DATA PROVIDED =>
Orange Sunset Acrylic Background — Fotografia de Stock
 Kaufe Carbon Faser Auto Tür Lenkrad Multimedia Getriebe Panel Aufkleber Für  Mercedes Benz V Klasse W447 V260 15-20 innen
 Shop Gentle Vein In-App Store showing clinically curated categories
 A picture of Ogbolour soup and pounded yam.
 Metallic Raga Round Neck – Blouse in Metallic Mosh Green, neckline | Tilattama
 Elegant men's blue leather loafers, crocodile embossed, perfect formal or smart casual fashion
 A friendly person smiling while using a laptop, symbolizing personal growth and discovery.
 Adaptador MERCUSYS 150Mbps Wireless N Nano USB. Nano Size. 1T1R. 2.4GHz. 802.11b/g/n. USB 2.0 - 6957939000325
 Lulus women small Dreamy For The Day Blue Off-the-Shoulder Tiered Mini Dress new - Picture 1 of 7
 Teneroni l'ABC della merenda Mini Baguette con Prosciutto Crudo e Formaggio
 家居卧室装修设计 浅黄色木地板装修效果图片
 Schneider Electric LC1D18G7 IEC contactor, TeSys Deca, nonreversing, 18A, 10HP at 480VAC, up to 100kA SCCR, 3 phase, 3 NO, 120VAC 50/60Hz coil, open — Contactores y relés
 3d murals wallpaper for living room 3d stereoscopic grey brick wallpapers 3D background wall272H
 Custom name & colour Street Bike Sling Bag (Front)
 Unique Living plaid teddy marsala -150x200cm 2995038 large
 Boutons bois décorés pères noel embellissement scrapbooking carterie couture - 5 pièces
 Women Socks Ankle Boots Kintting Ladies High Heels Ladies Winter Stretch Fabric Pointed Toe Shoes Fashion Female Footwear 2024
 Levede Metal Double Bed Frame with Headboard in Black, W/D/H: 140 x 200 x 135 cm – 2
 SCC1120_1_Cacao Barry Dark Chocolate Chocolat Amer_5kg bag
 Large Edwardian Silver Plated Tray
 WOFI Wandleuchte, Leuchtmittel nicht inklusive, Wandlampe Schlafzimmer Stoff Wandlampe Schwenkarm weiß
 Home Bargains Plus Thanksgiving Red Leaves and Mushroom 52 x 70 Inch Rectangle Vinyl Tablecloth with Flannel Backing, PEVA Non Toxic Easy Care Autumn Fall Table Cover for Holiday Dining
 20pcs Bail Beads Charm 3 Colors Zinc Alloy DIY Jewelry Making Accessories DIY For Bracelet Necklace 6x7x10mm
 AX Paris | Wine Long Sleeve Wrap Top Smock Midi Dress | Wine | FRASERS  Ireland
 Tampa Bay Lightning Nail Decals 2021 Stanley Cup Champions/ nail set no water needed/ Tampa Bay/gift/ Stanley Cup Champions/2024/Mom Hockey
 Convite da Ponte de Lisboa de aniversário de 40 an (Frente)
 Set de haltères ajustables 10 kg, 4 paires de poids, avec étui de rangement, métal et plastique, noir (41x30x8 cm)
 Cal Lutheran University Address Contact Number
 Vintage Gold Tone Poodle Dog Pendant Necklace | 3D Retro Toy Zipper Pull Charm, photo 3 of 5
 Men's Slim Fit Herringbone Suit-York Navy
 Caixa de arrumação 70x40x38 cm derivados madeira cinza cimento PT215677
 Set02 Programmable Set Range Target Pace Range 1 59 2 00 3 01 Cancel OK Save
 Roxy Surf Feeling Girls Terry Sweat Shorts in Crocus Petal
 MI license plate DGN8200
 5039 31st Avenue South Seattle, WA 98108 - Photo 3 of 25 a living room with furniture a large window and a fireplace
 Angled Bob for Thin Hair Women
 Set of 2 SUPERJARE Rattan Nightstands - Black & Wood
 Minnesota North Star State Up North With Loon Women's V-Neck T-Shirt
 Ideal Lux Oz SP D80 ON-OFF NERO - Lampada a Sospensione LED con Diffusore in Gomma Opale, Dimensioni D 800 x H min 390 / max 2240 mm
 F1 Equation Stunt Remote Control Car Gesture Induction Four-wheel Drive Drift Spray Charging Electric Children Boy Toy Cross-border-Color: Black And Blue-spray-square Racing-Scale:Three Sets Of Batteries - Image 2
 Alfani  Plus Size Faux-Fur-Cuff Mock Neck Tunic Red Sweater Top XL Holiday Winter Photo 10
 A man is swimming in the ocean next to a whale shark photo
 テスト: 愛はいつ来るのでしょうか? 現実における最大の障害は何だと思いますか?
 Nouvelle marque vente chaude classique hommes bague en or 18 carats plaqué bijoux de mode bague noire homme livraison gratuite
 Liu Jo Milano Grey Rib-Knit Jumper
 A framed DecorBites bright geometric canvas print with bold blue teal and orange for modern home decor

INSTRUCTIONS TO FOLLOW =>
Only a number is expected: the count of lines in the data that contain the word "Black".

RESPONSE TO THE TASK =>
3